◆ Information provided
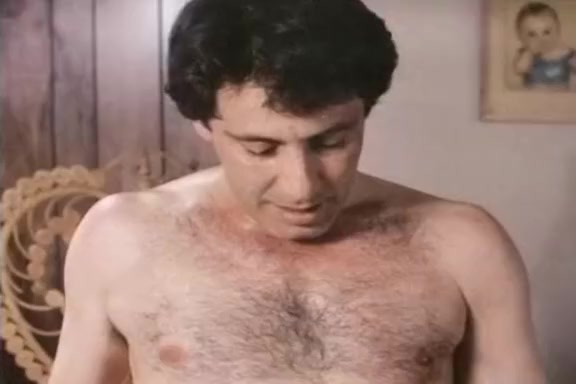 Kelly Nichols, John Leslie in John Leslie eats a sassy brunette's pussy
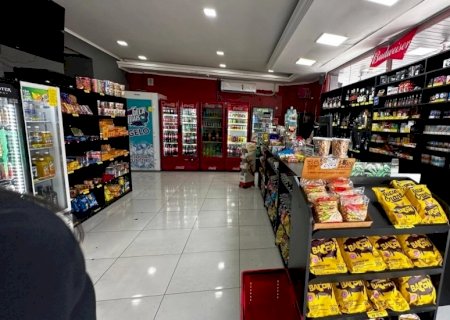 Polícia prende comerciante por venda de cigarros eletrônicos e produtos impróprios em Campo Grande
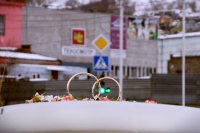 нам на право!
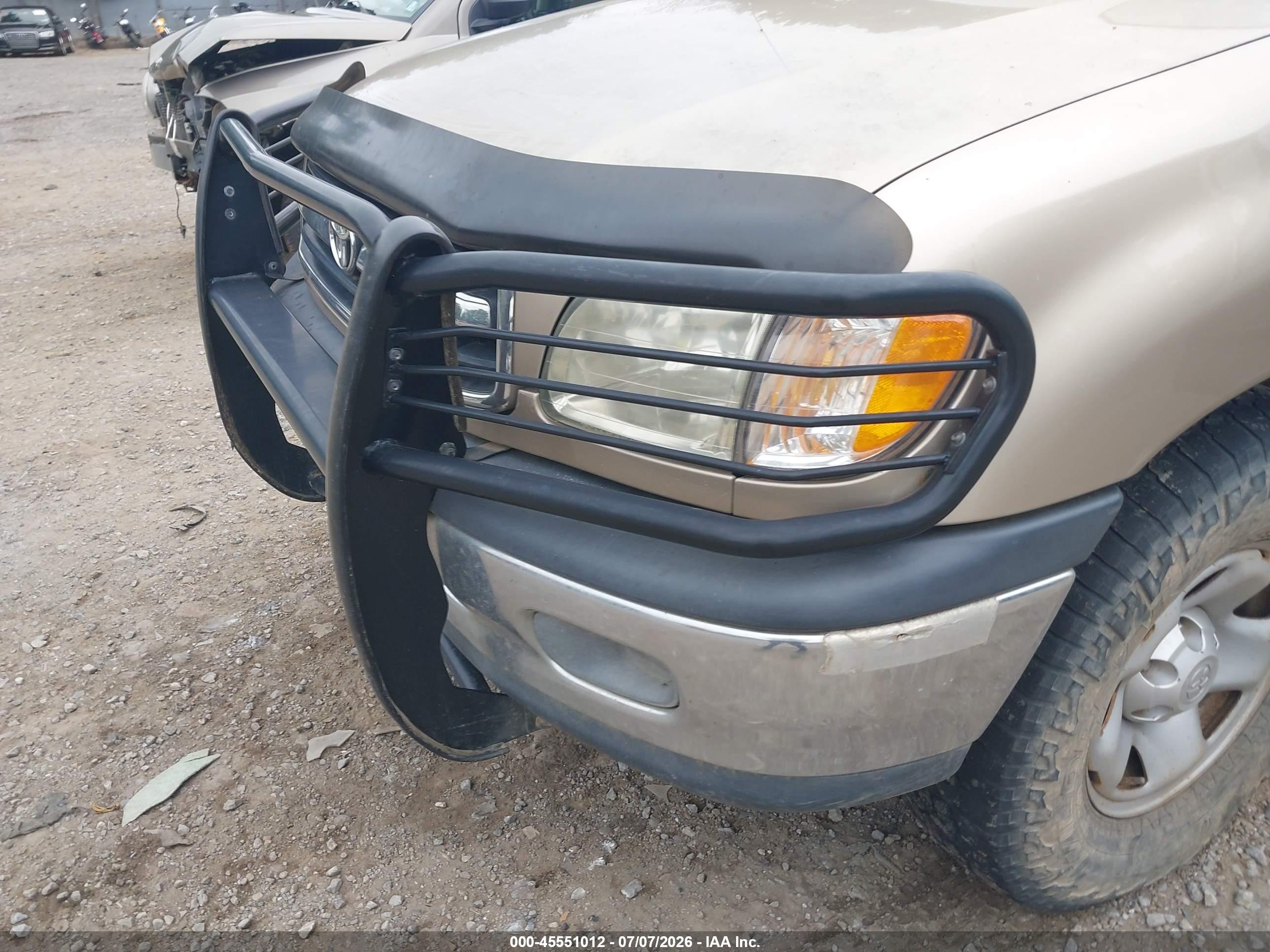 2002 Toyota Tundra Sr5 V8 Beige vin: 5TBBT44172S296315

◆ About this exercise
Please retype all of the material exactly, skipping whatever images it holds.

◆ Solution to this problem
 Kelly Nichols, John Leslie in John Leslie eats a sassy brunette's pussy
 Polícia prende comerciante por venda de cigarros eletrônicos e produtos impróprios em Campo Grande
 нам на право!
 2002 Toyota Tundra Sr5 V8 Beige vin: 5TBBT44172S296315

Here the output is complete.